▸ Exercise objective
When you reach the line with "Overall, the Cooper" in the records below, begin transcribing exactly and continue up to and including the line with "Introducing the Simply", leaving out every picture.

[Stored data entries]
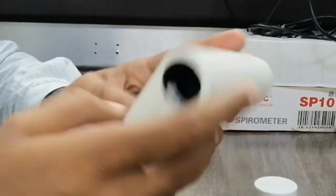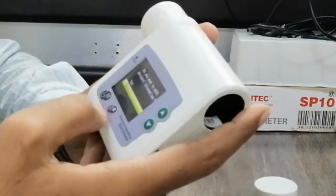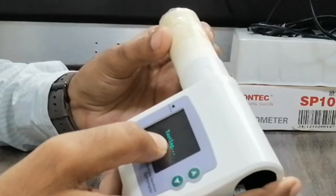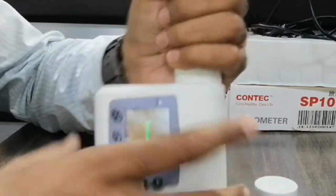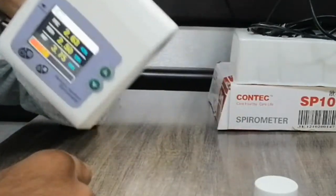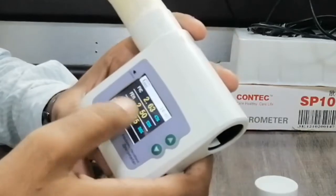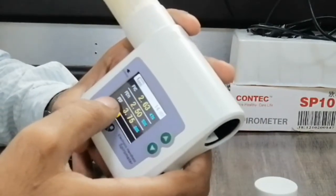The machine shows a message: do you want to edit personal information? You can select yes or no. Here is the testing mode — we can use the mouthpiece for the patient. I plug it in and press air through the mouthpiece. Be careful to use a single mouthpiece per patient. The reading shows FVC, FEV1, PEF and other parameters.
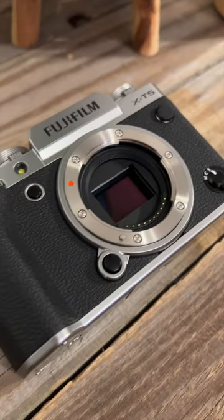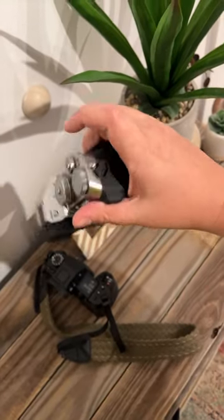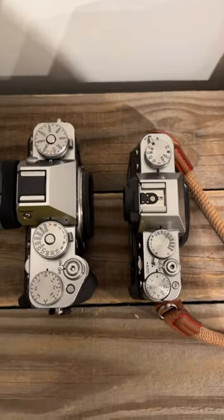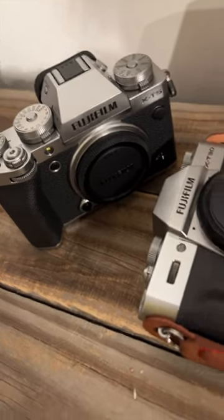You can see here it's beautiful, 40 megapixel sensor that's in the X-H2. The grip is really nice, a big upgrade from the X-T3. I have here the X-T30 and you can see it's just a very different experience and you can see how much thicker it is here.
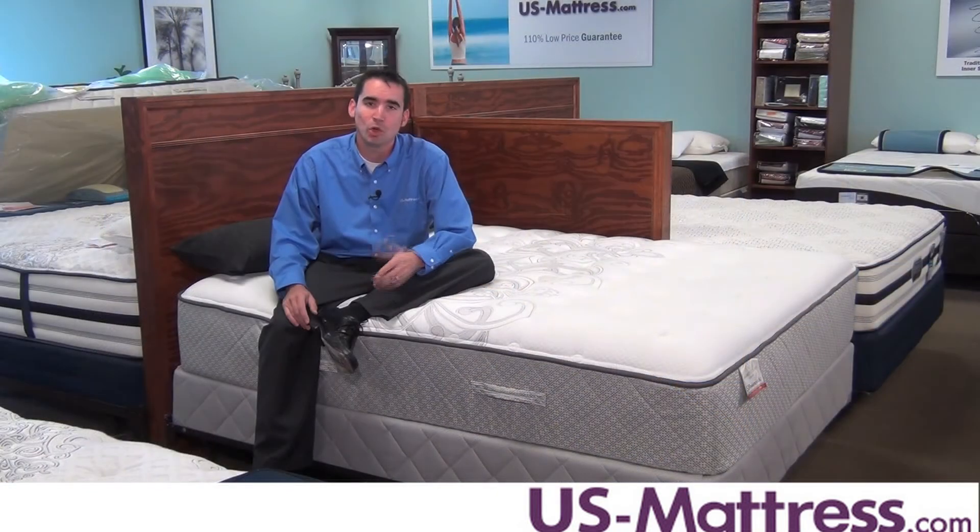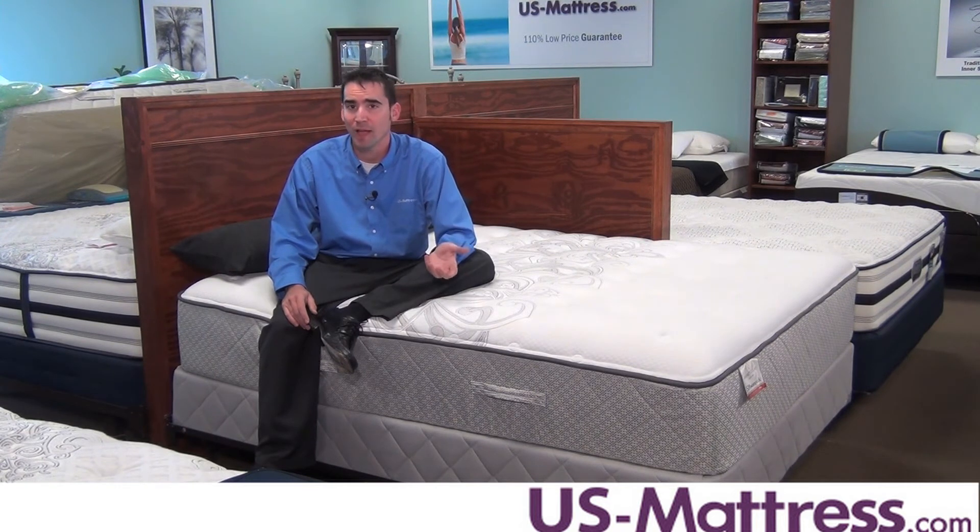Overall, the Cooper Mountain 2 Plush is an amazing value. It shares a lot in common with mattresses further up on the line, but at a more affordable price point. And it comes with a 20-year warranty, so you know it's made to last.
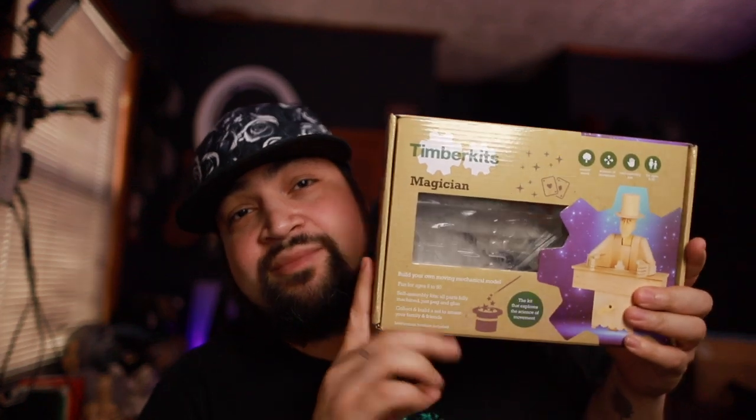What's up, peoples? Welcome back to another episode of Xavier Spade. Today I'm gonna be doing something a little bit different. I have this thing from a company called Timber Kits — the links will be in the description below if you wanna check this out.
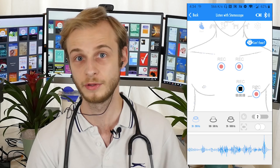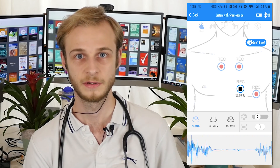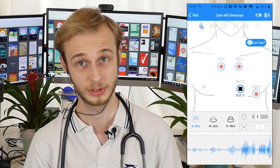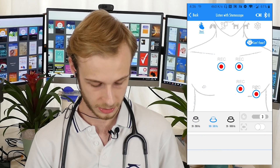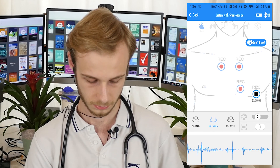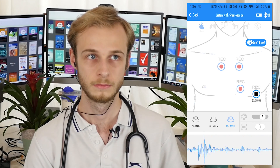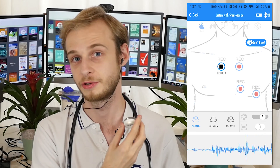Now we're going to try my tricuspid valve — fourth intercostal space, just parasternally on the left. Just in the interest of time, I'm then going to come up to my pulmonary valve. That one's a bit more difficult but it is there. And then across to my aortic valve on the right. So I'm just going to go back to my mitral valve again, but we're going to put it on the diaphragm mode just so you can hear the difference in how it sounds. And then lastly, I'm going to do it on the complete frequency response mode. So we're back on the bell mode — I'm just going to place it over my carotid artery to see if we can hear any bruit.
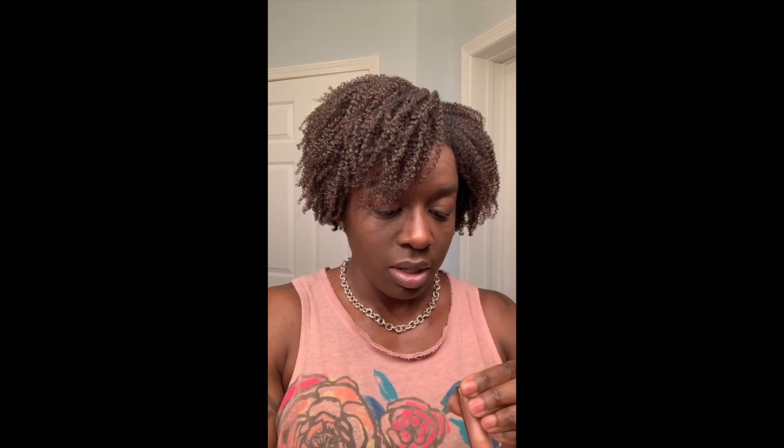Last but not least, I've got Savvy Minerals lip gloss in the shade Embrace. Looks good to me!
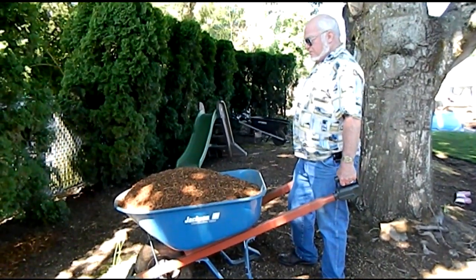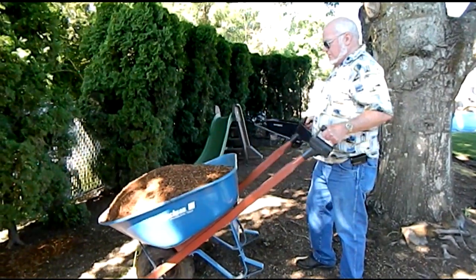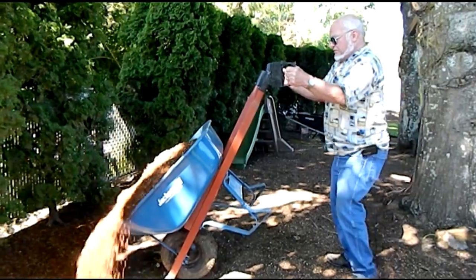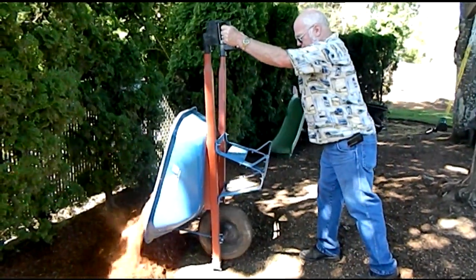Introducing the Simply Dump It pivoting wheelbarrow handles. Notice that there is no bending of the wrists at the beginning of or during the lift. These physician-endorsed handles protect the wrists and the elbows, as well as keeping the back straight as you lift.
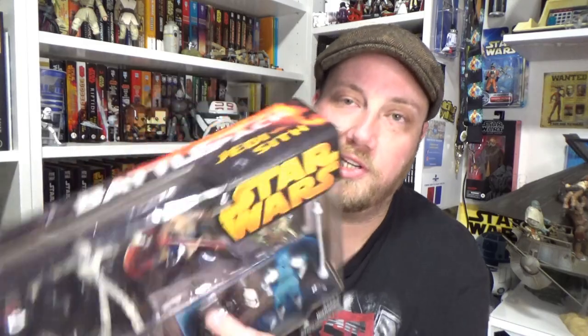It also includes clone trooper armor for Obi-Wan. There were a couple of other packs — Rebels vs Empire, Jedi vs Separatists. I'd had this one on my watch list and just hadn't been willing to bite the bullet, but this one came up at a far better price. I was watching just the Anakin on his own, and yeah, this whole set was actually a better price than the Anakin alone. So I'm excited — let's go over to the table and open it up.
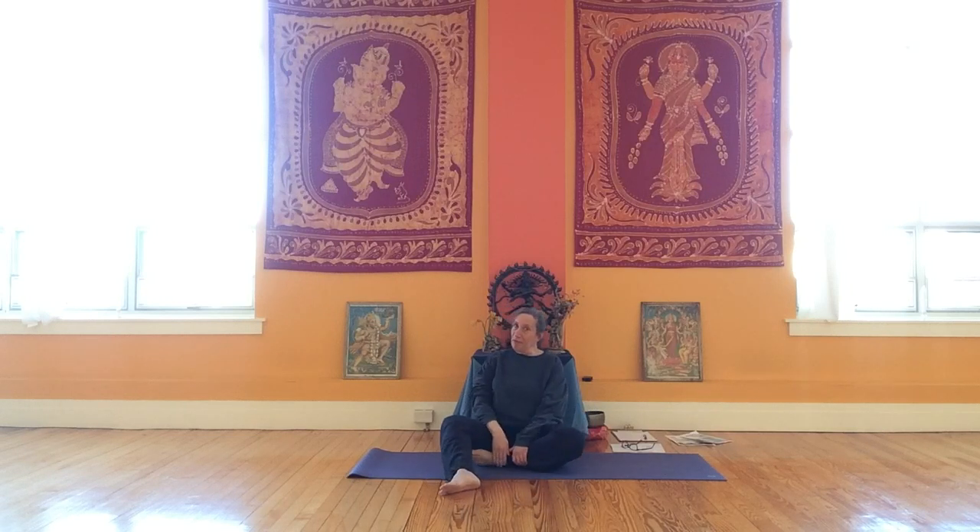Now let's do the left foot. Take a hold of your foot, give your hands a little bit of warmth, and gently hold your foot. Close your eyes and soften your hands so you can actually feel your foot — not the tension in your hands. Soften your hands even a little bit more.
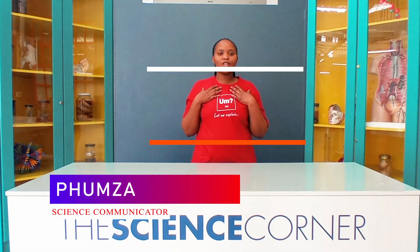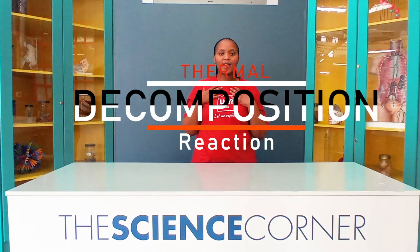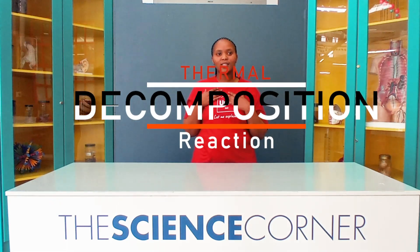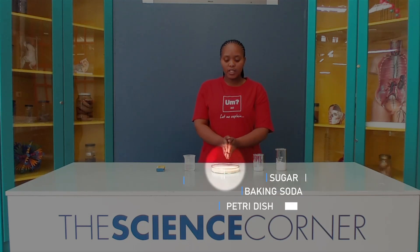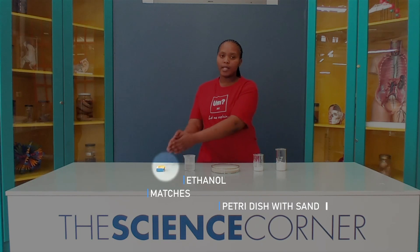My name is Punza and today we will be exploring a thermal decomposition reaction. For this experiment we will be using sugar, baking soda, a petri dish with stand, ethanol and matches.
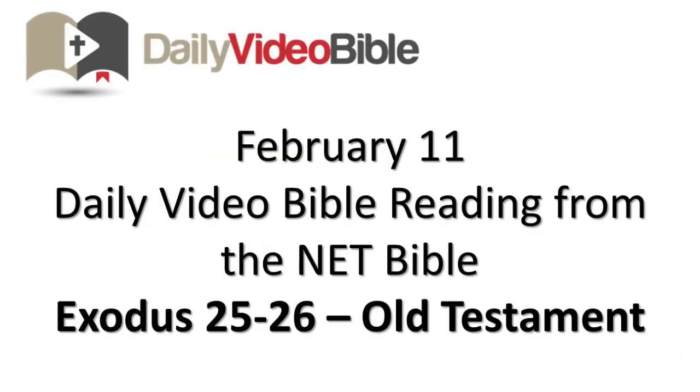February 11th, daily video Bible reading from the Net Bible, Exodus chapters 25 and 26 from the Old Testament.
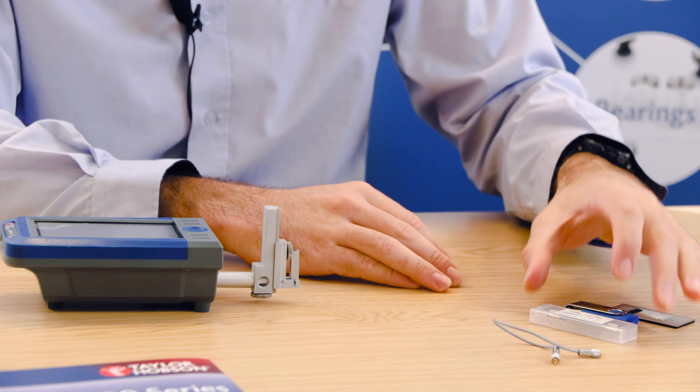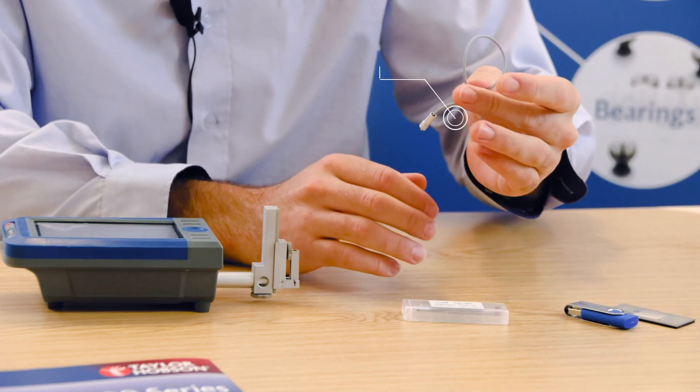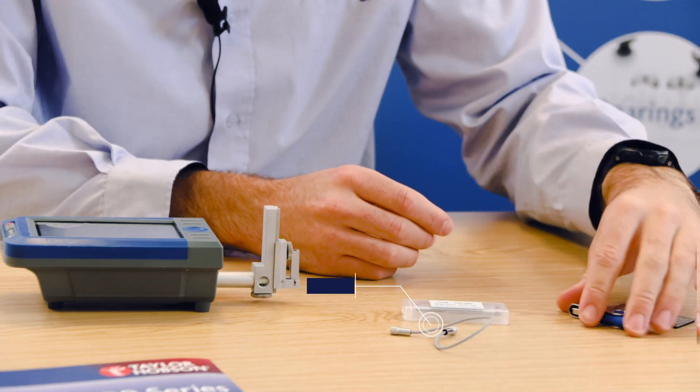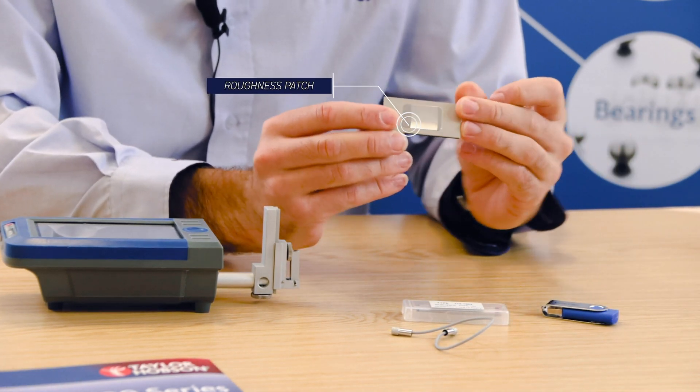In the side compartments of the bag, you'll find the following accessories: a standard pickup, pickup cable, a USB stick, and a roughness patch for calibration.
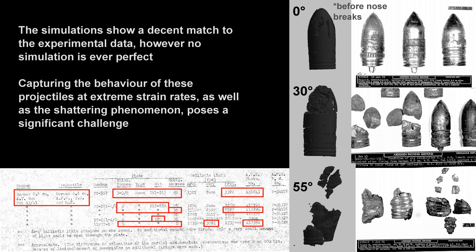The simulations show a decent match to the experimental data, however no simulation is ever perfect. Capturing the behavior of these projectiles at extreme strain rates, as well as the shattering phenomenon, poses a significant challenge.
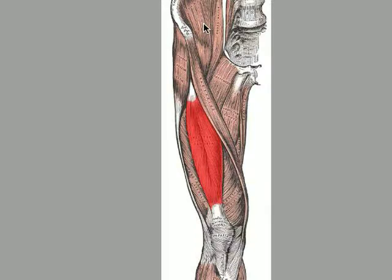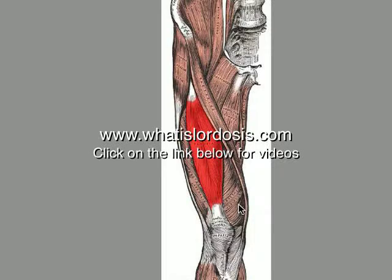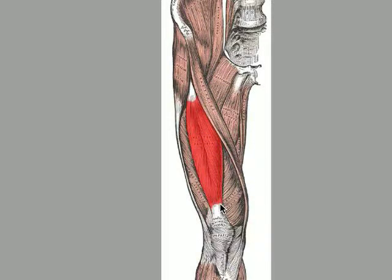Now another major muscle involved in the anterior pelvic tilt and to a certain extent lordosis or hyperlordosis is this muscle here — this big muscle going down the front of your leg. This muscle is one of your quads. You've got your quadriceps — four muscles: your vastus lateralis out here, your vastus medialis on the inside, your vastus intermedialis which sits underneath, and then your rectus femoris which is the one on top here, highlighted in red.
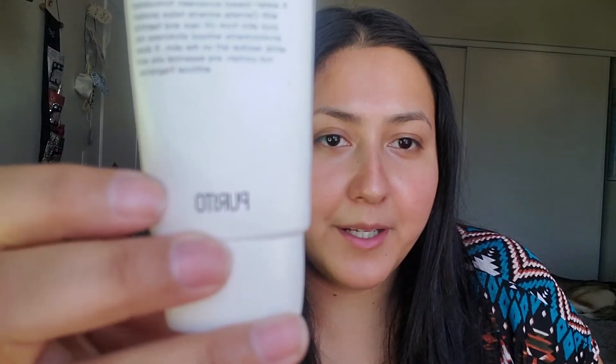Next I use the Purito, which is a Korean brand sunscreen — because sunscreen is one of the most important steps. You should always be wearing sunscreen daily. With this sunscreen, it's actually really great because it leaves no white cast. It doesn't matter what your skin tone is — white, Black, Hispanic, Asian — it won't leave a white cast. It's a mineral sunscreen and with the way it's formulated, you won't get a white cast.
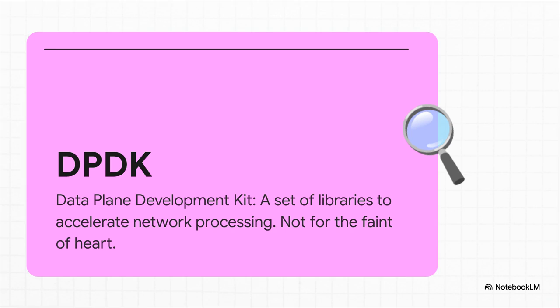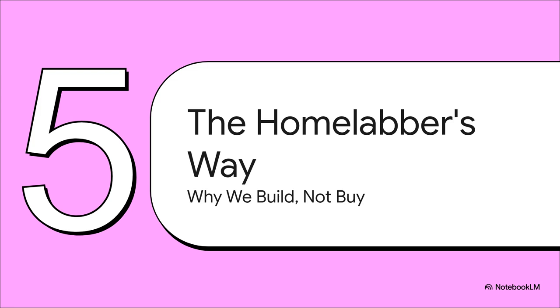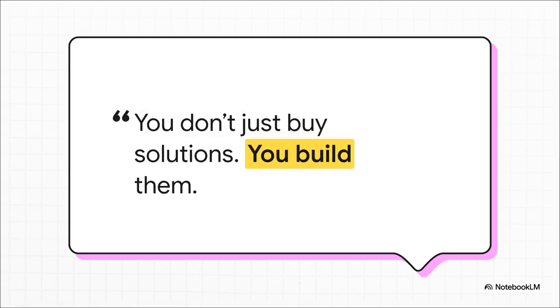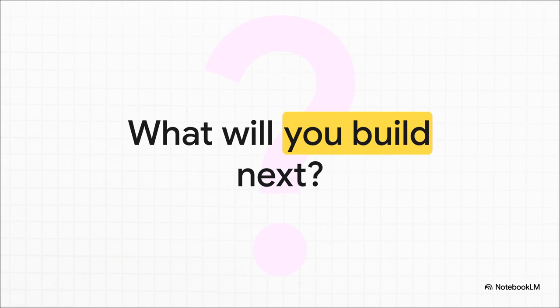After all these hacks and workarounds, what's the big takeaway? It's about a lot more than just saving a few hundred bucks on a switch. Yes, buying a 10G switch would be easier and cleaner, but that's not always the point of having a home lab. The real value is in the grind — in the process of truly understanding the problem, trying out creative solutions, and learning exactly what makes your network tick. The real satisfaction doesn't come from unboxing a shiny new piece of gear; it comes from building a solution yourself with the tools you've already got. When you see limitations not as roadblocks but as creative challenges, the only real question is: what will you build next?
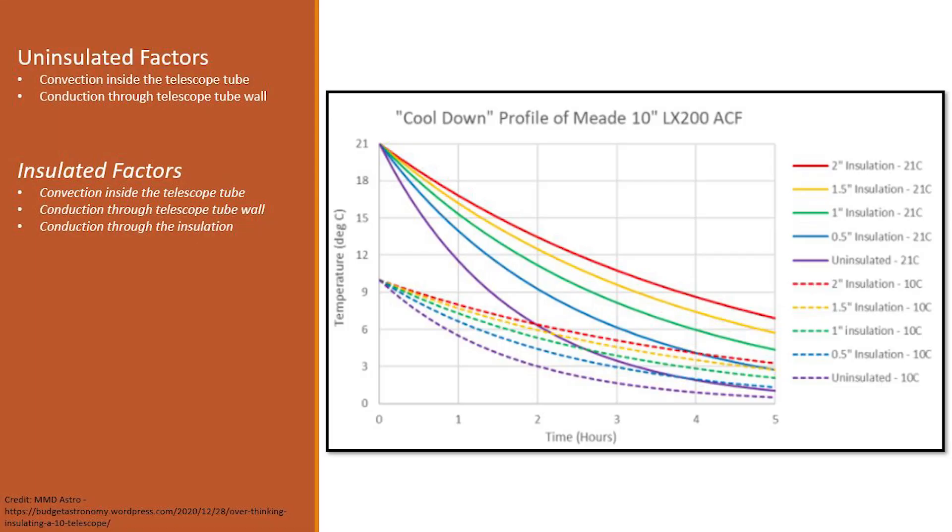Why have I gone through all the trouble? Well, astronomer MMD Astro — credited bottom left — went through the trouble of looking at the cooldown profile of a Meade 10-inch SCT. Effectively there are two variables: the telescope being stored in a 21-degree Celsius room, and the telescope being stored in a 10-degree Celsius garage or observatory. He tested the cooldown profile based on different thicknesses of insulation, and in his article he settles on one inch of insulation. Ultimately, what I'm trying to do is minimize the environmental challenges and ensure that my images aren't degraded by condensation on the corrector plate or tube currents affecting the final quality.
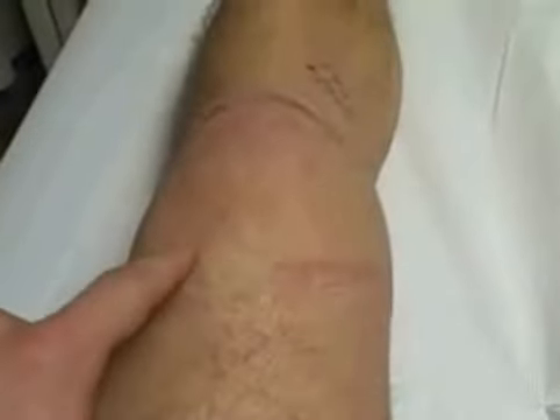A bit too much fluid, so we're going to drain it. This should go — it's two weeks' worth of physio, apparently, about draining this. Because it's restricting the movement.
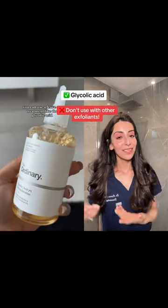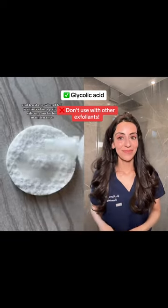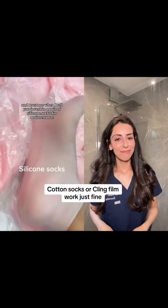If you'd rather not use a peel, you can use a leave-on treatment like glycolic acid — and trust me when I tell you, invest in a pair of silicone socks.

▸ Solution
Overall, the Cooper Mountain 2 Plush is an amazing value. It shares a lot in common with mattresses further up on the line, but at a more affordable price point. And it comes with a 20-year warranty, so you know it's made to last.
What's up, peoples? Welcome back to another episode of Xavier Spade. Today I'm gonna be doing something a little bit different. I have this thing from a company called Timber Kits — the links will be in the description below if you wanna check this out.
Now we're going to try my tricuspid valve — fourth intercostal space, just parasternally on the left. Just in the interest of time, I'm then going to come up to my pulmonary valve. That one's a bit more difficult but it is there. And then across to my aortic valve on the right. So I'm just going to go back to my mitral valve again, but we're going to put it on the diaphragm mode just so you can hear the difference in how it sounds. And then lastly, I'm going to do it on the complete frequency response mode. So we're back on the bell mode — I'm just going to place it over my carotid artery to see if we can hear any bruit.
Last but not least, I've got Savvy Minerals lip gloss in the shade Embrace. Looks good to me!
Introducing the Simply Dump It pivoting wheelbarrow handles. Notice that there is no bending of the wrists at the beginning of or during the lift. These physician-endorsed handles protect the wrists and the elbows, as well as keeping the back straight as you lift.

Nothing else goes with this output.